El 2 de noviembre se dedica a la celebración del Día de Difuntos o Día de los Fieles Difuntos, para honrar y conmemorar a los difuntos fieles de la religión católica y cristiana.

Esta efeméride fue instituida en el año 998 por el monje benedictino San Odilón de Francia, siendo adoptada por Roma en el siglo XVI y posteriormente difundida en todo el mundo.
¿Qué es el Día de Difuntos?
El Día de Difuntos es un día festivo religioso celebrado por algunas iglesias cristianas (Iglesias Cristianas Ortodoxas Occidentales, Unión de Utrecht, Comunidad de Provoo, Comunión Anglicana e Iglesia Católica), en memoria de los fallecidos.

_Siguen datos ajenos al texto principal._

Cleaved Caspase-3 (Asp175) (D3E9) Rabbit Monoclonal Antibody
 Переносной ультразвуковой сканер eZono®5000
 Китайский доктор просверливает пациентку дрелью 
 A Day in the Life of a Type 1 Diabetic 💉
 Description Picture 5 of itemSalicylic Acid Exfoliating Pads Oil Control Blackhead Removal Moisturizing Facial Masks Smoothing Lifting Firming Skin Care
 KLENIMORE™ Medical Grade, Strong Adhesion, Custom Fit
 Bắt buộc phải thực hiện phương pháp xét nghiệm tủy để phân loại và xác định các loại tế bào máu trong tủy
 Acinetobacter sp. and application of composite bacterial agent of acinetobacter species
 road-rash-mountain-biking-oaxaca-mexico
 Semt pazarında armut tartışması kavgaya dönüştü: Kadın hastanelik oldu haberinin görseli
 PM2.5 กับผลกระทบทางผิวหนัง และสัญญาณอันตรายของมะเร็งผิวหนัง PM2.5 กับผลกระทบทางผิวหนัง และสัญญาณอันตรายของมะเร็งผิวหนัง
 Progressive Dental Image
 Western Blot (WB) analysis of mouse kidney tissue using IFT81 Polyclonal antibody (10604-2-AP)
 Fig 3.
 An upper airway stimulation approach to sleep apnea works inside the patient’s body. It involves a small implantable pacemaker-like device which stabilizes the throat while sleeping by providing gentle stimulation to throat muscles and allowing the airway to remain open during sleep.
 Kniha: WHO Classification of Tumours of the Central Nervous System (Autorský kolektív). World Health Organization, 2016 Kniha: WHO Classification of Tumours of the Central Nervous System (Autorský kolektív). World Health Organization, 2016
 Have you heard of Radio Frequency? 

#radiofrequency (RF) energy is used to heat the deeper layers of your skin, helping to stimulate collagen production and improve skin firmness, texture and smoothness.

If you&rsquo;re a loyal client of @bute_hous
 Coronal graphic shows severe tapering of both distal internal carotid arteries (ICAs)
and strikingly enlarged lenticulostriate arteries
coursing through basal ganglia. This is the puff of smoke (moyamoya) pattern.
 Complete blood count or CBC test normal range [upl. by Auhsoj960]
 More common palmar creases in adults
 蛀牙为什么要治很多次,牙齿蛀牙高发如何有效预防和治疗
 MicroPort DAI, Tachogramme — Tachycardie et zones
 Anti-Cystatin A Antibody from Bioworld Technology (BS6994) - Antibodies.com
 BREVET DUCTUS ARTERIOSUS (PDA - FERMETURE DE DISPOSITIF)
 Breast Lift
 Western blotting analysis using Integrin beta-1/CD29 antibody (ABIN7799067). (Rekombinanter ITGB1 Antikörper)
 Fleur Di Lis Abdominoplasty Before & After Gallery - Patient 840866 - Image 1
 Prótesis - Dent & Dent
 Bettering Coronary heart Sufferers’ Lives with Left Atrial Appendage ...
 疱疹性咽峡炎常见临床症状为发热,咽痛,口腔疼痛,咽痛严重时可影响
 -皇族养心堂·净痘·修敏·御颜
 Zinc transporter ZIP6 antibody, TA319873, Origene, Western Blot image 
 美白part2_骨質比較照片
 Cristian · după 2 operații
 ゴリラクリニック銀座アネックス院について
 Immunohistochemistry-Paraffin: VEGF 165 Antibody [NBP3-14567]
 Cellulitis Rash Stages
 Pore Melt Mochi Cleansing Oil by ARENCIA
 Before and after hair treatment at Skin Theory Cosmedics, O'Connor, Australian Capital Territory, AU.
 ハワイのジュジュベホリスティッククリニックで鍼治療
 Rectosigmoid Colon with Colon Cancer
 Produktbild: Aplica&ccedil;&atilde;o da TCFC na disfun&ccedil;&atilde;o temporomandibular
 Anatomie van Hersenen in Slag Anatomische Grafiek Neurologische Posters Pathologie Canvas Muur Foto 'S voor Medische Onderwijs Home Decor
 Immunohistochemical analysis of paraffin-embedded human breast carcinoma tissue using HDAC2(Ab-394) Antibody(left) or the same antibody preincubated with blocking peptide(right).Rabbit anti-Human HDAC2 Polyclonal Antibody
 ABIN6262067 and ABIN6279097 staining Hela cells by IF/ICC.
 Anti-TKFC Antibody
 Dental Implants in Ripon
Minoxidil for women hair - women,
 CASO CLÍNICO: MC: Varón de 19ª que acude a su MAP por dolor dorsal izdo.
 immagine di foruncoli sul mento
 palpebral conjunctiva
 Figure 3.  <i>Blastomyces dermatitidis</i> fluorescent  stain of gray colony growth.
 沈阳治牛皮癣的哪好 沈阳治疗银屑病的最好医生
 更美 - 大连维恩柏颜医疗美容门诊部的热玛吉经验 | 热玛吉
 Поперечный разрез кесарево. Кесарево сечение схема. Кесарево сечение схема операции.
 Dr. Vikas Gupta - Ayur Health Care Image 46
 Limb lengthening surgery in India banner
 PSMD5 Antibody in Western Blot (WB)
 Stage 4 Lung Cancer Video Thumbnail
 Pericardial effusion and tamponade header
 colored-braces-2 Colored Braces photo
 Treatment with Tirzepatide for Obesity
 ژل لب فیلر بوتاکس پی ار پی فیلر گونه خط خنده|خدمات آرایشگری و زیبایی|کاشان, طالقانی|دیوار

Esta efeméride es igualmente conocida como «Día de los Fieles Difuntos» o «Conmemoración de Todos los Fieles Difuntos». Está vinculada a la celebración católica del Día de Todos los Santos» y el «Día de los Muertos». Tiene como finalidad orar por los fieles que han muerto y por aquellos que se encuentran en estado de purificación en el Purgatorio, de acuerdo a la religión católica.
Esta celebración se sustenta en la doctrina que establece que al morir las almas de los fieles no han sido limpiadas de pecados veniales, o bien no han sido expiadas por trasgresiones del pasado. Debido a que dichas almas no pueden alcanzar la Visión Beatífica, se realizan rezos y el sacrificio de la misa.
El Día de Muertos es una tradición mexicana celebrada el 1 y 2 de noviembre en la que se honra la memoria de los muertos. Declarado como Patrimonio Intangible de la Humanidad por la Unesco en 2008, el Día de Muertos contiene muchas tradiciones especiales para honrar a las personas que ya no están vivas. En México, es reconocido como una especie de símbolo de identidad nacional y se enmarca en la creencia de que las almas de los muertos regresan al mundo de los mortales: el 1 de noviembre los niños, y al día siguiente los adultos. También es celebrada en países latinoamericanos como Bolivia, Ecuador, y, en menor grado, en países de América Central y en la región andina de América del Sur.